Cio che m'incontra, ne la mente more

Enciclopedia Dantesca (1970)

Ciò che m'incontra, ne la mente more

Mario Pazzaglia

. Sonetto della Vita Nuova (XV 4-6), su schema ABAB, ABAB: CDE, CDE, presente nella tradizione manoscritta della Vita Nuova e accolto nella Giuntina del 1527. Sviluppa con nuove argomentazioni e spunti di tensione più drammatica e visionaria il tema del ‛ gabbo ' e della passione sconvolgente di Con l'altre donne e della prosa del cap. XIV. D. ricerca la vista di Beatrice, pur sapendo che essa significa morte e umiliazione (il gabbo), spinto da un moto ineluttabile dell'animo: sì tosto com'io imagino la sua mirabile bellezza, sì tosto mi giugne uno desiderio di vederla, lo quale è di tanta vertude, che uccide e distrugge ne la mia memoria ciò che contra lui si potesse levare; e però non mi ritraggono le passate passioni da cercare la veduta di costei (XV 2). L'interpretazione letterale del sonetto è controversa; e sarà anche, come dice il Sapegno nel suo commento (Firenze 19572, 64), per la sua arte più originale e matura, in cui difficoltà e durezze appaiono " segni di un'ispirazione nuova che si fa strada ancora a fatica ". Il v. 1 è variamente interpunto. Barbi-Maggini (col Todeschini e il Carducci) mettono virgola dopo incontra (non, come i più, dopo mente), interpretando " mi avviene ", secondo l'uso dantesco, e non " si leva contro ", come interpretano Todeschini, Giuliani, Witte, Casini, Guerri, Sapegno, fondandosi sul passo riportato sopra. Altre difficoltà per i vv. 7-8; ma qui è senz'altro poziore la spiegazione di Barbi-Maggini (" per il gran tremito che mi rende come ebbro mi pare che le pietre stesse del muro a cui m'appoggio gridino morte, minacciando di piombarmi addosso "); e così quella di morte, al v. 14, come allusione alla vista bramata e fatale di Beatrice. Qui però non andranno escluse ambiguità e coesistenza del significato primario, coerenti col sentimento di un drammatico paradosso interiore che il sonetto configura.

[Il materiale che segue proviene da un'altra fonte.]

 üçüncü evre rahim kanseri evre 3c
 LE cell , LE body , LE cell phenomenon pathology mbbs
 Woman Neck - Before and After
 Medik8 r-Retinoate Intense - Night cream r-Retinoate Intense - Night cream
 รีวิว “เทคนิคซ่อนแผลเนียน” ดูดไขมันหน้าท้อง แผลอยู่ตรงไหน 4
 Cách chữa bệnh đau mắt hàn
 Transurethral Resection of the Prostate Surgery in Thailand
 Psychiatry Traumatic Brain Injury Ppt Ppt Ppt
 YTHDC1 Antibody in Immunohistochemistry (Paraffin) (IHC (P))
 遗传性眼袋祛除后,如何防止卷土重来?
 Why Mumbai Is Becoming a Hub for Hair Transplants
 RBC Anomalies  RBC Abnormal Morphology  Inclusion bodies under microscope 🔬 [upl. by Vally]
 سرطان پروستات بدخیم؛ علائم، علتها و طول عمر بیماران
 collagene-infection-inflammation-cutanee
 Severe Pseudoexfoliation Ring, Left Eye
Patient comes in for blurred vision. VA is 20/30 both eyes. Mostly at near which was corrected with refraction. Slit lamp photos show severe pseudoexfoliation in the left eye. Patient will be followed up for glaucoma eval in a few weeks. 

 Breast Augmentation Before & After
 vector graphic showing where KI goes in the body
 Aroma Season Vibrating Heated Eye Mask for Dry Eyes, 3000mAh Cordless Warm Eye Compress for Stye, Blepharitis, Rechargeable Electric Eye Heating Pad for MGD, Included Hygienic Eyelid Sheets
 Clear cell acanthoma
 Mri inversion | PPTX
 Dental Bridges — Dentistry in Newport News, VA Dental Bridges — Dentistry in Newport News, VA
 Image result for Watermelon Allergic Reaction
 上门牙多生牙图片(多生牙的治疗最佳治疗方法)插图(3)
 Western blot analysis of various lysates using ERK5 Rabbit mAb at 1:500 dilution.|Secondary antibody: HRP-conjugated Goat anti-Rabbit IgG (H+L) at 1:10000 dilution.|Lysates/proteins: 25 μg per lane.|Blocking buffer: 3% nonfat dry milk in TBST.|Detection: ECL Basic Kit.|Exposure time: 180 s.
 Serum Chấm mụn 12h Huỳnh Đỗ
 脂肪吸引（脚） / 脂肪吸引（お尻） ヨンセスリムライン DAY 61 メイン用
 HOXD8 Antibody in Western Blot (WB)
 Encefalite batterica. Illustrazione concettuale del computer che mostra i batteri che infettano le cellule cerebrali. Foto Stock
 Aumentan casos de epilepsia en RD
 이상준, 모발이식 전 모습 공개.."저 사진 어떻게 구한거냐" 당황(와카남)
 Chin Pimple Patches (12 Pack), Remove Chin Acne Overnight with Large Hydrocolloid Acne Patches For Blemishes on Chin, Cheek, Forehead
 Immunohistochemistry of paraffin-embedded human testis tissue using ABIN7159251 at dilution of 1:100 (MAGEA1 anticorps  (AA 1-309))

L'influenza del Cavalcanti (cfr. Voi che per li occhi; La forte e nova mia disaventura, e le altre ‛ presenze ' comuni ai sonetti dei capitoli XIII-XVI) si compone qui con l'insegnamento di Guittone, evidente nell'ampia e ben fusa modulazione elegiaca pervasa d'intima energia morale (si pensi al guittoniano Dolente, triste e pien di smarrimento, e alla spia linguistica del v. 2, bella gioia, di ascendenza occitanica, ma con ogni probabilità accolta attraverso la mediazione dell'aretino). Non è accettabile il rilievo del Casini (p. 71) che D. non abbia qui saputo rappresentare il contrasto degli affetti, preoccupato dal desiderio di spiegarlo. Vero è piuttosto che egli tende a un solido dominio intellettuale dell'emozione (anche la ‛ divisione ' conferma il vigoroso impianto concettuale del sonetto) e perviene, oltre che a una narrazione esaustiva del proprio ‛ stato ', allo slancio potente dei vv. 5-8, dove la rappresentazione ellittica e densa e la capacità di concentrazione drammatica preannunciano modi della sua poesia matura. V. anche TUTTI LI MIEI PENSER.

Bibl. - Oltre ai commenti citati, v. D. De Robertis, Il libro della " Vita Nuova ", Firenze 1961, 71-85; Dante's Lyric Poetry, a c. di K. Foster e P. Boyde, Oxford 1967, II, 81-83.